HOW TO COMPLETE THIS TASK:
Write out every line below again exactly as it stands, skipping each image.

DATA SECTION:
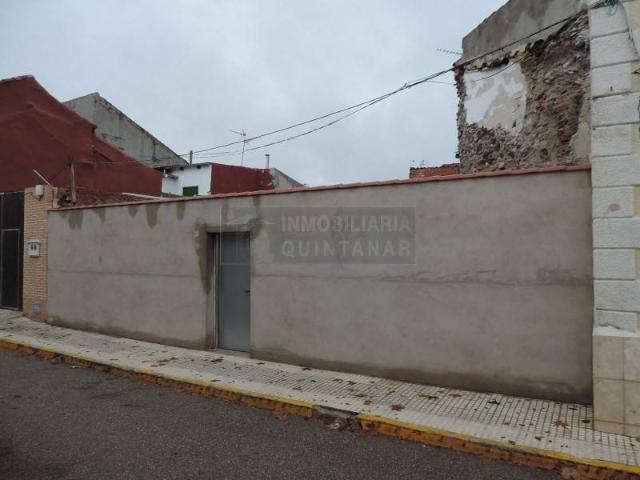 Terreno en venta en Lillo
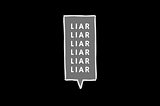 Liar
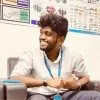 Prasanth Ragupathi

YOUR SOLUTION:
 Terreno en venta en Lillo
 Liar
 Prasanth Ragupathi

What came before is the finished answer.